Why does the climber's weight and rope play such an important factor for this multicender? I read on the Akimbo pre order page that if you exceed the WLL (which is only like 285lbs max depending on rope?!?!) you may experience "slippage".

I don't know about the rest of you, but I feel like the word "slippage" shouldn't be used to describe a situation an arborist may experience when using a product.. We work by the friction and the predictability of the friction in our ropes. Am I wrong?

Now then, if this product is as "finicky" as people are describing when it comes to weight - does it honestly make up for that in ease of use? Or tending? Or anything else?
What is the major draw or positive?
Here is my perspective so far. Please keep in mind that I have yet to run it through the paces due to weather shut down and a few nights in the ER for a life threatening situation for our 16month old.
The weight and rope choices come into play because the adjustability of the Akimbo. This is the most hitch like mechanical I have used to date. I think many of us more seasoned climbers have our hitch based systems so dialed in that we have forgotten our learning curve and growing pains. If you search the archives for the VT you will find very similar conversations regarding weight, rope type, and also characteristics of hitch subtly. I think it was Richard who documented taking a half twist rotationally with one leg of a hitch cord can be the difference between slippage, buttery, or binding up.
I have never used a uni, but from my understanding the “sweet spot” is very difficult to find, and the best luck with it is after market add ons.
With the long wait, and hype this device has been put on a pedestal. Everyone’s imagination has had years to get away from themselves thinking it’s a plug and play device. While it is to an extent there is a learning curve involved to dial it in.
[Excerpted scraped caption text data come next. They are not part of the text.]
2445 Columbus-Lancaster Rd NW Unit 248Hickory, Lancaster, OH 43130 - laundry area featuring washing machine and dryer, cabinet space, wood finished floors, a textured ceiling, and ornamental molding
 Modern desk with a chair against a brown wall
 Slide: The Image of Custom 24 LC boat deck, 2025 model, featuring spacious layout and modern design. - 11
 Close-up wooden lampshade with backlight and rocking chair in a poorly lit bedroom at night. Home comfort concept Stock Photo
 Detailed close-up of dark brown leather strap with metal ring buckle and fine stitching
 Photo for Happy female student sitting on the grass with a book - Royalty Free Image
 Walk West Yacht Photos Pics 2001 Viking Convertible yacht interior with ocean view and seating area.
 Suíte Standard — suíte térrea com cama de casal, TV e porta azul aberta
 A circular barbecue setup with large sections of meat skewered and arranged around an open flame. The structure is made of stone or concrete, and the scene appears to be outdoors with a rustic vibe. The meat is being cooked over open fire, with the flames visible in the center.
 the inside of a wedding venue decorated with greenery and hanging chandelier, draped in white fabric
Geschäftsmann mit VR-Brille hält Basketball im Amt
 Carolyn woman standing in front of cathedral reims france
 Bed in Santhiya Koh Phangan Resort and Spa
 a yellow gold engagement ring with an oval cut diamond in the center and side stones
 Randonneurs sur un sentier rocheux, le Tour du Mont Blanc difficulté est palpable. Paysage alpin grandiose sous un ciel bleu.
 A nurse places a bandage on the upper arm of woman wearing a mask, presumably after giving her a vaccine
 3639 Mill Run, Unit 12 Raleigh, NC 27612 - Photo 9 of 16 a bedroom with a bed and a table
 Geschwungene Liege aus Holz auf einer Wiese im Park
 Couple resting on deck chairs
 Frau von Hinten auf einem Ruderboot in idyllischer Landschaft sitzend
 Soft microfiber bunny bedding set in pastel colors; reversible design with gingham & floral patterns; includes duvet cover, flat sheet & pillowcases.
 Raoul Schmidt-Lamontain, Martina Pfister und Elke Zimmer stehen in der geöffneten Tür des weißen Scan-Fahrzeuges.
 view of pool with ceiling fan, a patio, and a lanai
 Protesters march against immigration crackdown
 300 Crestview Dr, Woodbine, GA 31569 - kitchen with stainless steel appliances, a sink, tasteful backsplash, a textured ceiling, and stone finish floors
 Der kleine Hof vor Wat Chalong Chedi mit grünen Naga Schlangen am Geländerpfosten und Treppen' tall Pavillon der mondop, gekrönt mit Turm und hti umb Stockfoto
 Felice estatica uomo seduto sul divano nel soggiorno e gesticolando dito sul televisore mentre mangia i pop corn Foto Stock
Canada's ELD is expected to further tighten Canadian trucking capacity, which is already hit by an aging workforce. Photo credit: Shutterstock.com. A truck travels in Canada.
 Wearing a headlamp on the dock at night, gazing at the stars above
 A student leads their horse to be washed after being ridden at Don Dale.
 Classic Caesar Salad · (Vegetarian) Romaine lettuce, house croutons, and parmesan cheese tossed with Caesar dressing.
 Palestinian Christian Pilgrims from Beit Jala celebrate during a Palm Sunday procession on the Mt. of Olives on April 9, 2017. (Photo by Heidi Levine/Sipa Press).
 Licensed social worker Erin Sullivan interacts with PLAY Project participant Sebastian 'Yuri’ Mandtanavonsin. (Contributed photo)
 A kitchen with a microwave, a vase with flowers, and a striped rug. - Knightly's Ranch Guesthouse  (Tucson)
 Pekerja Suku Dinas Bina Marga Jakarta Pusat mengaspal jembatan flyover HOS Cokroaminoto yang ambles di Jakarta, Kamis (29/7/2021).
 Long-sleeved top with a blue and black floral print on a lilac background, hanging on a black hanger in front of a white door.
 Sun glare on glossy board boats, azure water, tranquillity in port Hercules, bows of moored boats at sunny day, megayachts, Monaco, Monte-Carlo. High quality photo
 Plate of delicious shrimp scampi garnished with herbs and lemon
Now for the weight limits, I am not sure what the tests show? Or what tests were done to develop the limits. I’d imagine that you could put a 350# climber on this device without slippage. It might not preform the best. I am guessing here, but I think this might be more of a fall arrest standard with a WLL? Think a 200# weight with a 3’ fall is arrested within x number of feet. There will obviously be a limit, of the weight, the allowed arrest distance, and rope construction. But please keep in mind I am thinking out loud, I have no idea, and I personally would really like some sort of published testing results from RE to understand the limitations of this device. I agree the vagueness leaves ones imagination to run!